With Donald Trump as President of the United States and nationalist and racist movements around the world gaining greater strength, now is not the time for the Canadian labour movement to fall back on nationalism.
The crisis in ATU Local 113 demonstrates some disturbing trends. Rhetoric from Bob Kinnear and Unifor President Jerry Dias has used nationalism to make the case why Local 113 should leave the ATU.
It is worth remembering the split which created the Canadian Autoworkers (CAW) in 1985 from UAW Canada was not simply about nationalism. The international leadership of the UAW in Detroit was demanding Canadian workers at General Motors take concessions during bargaining in 1984 and argued only they could authorize a strike.
Though nationalism played a role in the split, as Sam Gindin notes in his tribute to Bob White, CAW proceeded to become more internationalist and engaged labour movements in the Global South in places like South Africa.
But thirty years later, things have dramatically changed. The legacy of neoliberal globalization is generating a nasty racist and xenophobic backlash. Talk of “Canadian workers,” is not going to help the labour movement, it will only feed reactionary politicians like Kellie Leitch.
In the American context the ATU is a progressive union, offering labour education to its members and endorsing Bernie Sanders for president. Both the U.S. and Canada need massive investments in public transit, and splintering this movement seems counterproductive.
This is not to deny that there are tensions in international unions that operate in Canada and the U.S., but Canadian only unions for the sake of it is a mistake. And despite suggestions that Canada and the U.S. are the only countries where unions operate across borders is false. Unions operate across borders in Britain and Ireland, as well as among Scandinavian countries.
The problem isn’t that unions operate across borders. Union leadership can be unresponsive and overly bureaucratized whether they operate nationally or internationally. The solution is of course powerful rank-and-file movements from below.
Look at the Teamsters for an example.

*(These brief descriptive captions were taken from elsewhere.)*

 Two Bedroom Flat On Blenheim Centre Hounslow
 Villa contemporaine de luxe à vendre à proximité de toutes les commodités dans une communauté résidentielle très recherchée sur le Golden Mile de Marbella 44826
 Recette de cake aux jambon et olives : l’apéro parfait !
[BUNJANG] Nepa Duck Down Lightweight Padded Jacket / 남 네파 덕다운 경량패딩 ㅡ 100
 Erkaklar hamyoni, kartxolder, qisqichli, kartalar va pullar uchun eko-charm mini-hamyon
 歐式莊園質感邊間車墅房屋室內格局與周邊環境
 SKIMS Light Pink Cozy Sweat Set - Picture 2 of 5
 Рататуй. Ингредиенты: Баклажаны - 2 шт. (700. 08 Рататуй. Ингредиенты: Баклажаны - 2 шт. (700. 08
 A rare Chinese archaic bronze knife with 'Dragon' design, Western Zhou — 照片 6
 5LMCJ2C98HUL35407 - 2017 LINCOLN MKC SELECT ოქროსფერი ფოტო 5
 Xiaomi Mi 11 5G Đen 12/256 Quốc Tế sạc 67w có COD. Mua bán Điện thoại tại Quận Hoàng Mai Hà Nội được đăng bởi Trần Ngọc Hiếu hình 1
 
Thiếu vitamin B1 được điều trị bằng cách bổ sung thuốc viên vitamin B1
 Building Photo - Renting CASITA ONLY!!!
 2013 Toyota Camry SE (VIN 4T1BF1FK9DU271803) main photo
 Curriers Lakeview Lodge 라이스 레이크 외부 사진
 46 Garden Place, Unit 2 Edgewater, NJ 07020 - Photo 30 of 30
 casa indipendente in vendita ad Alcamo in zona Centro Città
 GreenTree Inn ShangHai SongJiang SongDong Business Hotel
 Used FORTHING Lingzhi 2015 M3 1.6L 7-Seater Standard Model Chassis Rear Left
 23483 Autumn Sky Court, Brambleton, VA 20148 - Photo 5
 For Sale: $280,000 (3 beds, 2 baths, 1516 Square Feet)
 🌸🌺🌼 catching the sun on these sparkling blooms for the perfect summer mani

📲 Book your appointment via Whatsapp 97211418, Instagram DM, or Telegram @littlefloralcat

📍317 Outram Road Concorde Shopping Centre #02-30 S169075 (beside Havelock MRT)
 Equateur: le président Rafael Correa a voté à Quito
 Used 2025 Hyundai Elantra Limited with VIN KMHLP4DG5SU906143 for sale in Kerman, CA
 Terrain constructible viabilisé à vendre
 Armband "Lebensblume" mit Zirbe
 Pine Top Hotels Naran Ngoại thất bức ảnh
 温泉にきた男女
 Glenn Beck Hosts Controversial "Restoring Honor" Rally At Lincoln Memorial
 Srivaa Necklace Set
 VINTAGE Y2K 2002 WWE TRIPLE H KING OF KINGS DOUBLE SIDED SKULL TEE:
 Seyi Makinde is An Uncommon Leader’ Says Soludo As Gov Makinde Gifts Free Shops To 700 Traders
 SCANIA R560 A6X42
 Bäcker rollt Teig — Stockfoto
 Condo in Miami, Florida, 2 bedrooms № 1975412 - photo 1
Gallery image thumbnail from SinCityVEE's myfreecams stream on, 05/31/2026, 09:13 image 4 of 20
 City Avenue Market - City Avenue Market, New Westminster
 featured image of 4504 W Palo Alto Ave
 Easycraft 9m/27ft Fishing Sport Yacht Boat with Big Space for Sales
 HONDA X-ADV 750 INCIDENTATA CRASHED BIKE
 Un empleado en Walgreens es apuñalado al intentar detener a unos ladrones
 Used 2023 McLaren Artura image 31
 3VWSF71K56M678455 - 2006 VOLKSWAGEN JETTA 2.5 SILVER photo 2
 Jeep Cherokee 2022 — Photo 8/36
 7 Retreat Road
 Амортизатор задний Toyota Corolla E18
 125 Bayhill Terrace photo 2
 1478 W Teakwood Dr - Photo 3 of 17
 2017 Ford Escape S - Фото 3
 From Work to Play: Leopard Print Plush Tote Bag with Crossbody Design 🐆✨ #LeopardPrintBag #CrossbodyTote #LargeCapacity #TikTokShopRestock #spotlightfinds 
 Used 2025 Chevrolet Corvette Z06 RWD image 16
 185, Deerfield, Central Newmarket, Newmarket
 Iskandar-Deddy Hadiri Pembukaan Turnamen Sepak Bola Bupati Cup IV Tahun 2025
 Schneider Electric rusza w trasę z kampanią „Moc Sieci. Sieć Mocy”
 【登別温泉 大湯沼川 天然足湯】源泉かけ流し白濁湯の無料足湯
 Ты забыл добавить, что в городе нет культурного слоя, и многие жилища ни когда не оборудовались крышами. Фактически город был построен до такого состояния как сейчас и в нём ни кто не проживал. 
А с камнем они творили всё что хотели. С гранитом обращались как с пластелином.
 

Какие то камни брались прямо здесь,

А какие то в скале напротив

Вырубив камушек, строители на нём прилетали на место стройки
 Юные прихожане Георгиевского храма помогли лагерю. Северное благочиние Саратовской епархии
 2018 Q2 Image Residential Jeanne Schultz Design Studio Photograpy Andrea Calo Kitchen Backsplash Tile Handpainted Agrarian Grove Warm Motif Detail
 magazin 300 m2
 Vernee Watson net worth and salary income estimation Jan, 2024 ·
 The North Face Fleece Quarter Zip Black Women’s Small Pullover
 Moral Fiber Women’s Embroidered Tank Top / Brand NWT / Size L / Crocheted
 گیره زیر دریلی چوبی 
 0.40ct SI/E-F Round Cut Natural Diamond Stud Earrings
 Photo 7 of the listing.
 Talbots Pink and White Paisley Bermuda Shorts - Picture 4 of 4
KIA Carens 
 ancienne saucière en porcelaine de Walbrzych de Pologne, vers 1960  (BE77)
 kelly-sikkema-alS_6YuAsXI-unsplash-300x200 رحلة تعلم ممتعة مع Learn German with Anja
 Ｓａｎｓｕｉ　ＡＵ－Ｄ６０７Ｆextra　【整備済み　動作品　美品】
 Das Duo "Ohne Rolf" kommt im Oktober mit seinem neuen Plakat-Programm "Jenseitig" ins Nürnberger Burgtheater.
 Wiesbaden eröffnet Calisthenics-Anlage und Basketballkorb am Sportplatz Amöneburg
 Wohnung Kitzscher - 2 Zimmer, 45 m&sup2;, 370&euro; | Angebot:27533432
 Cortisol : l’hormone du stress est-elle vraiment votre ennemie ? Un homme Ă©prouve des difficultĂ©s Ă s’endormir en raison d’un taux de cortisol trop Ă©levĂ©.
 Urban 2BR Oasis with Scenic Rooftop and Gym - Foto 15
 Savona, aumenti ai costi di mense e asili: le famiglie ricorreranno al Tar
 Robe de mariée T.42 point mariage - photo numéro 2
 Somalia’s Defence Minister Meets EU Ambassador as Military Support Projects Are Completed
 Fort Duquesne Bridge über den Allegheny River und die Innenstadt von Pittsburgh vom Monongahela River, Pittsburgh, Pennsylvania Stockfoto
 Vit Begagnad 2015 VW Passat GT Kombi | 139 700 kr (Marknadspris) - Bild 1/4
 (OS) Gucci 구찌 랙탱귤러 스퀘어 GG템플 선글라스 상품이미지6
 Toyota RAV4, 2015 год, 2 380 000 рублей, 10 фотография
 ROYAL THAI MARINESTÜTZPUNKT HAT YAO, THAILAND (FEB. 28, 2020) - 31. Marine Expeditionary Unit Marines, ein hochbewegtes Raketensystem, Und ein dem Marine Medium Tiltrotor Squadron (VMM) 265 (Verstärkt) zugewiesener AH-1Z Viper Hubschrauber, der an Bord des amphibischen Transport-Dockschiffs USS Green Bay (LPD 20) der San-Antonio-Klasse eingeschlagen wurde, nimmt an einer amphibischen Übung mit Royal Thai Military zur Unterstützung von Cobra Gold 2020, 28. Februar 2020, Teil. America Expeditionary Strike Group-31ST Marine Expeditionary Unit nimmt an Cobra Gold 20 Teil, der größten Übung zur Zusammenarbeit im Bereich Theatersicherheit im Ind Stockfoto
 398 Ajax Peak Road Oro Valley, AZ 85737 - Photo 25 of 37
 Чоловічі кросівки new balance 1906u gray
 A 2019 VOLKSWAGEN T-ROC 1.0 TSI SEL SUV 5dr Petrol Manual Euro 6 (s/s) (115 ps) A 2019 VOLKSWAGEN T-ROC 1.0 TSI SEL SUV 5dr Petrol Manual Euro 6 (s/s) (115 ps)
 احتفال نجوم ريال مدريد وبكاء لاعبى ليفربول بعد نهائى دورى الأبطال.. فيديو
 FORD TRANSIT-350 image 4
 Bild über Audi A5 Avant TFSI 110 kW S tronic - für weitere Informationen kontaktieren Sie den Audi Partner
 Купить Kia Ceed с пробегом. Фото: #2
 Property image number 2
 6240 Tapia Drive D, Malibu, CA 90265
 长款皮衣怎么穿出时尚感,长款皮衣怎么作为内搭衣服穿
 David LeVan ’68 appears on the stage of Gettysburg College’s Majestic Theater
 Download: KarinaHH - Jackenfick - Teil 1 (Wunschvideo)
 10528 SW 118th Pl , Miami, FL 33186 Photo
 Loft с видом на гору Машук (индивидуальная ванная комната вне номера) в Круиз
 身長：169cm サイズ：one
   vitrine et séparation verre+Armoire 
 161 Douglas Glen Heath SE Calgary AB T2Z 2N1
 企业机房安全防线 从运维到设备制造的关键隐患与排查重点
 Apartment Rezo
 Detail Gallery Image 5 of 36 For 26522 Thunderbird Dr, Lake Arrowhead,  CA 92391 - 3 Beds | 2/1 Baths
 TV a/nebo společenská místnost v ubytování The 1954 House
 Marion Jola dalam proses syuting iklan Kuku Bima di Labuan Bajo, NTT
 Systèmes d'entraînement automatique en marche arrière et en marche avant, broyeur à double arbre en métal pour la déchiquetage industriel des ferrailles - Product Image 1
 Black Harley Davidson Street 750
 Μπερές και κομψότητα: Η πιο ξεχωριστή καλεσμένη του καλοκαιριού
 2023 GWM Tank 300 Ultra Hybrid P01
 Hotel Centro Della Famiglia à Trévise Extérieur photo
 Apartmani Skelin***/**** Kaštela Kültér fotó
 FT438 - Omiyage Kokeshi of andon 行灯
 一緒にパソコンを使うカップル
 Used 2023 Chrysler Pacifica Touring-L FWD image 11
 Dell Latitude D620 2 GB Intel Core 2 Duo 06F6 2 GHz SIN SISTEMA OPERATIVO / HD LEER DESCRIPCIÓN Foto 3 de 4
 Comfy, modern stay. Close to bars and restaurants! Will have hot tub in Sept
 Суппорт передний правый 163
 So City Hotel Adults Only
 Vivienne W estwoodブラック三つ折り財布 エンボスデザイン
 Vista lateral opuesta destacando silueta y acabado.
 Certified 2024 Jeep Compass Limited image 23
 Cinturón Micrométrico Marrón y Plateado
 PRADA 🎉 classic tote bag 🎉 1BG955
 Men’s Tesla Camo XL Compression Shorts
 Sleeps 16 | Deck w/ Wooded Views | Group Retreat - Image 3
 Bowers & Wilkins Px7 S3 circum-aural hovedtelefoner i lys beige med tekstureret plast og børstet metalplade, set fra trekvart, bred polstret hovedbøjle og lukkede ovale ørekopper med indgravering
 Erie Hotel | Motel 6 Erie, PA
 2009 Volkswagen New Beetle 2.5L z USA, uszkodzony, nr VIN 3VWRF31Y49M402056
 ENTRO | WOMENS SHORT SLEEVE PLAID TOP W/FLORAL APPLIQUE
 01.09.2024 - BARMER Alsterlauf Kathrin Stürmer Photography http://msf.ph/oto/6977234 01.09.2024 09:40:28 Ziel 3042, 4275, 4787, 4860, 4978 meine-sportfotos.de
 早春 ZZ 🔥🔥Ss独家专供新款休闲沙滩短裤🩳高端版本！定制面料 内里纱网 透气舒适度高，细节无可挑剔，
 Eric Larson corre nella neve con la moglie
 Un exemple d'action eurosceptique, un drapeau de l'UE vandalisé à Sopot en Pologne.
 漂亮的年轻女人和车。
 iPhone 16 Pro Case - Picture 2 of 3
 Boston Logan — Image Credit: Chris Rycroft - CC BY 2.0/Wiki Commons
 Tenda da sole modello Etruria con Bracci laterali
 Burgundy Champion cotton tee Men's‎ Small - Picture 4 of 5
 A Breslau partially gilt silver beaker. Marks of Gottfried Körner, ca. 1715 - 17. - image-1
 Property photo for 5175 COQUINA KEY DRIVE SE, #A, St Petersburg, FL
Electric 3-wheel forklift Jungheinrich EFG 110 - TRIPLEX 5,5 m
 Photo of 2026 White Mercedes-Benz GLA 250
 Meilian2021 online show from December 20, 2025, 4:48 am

James P. Hoffa won reelection because of the votes of Canadian Teamsters.
And yet in the aftermath of the results, Hoffa’s challenger Fred Zuckerman and Teamsters for a Democratic Union made it clear that blaming Canada was not the way to deal with results and argued that it was the Hoffa administration and the Teamsters’ Canadian leadership that were trying to divide American and Canadian Teamsters in order to benefit Hoffa.
That’s principled union internationalism.
The nationalist perspective is effectively dead in this era of neoliberal globalization, it is time for unions and their members to acknowledge this and move forward on a democratic and internationalist agenda to rebuild workers power.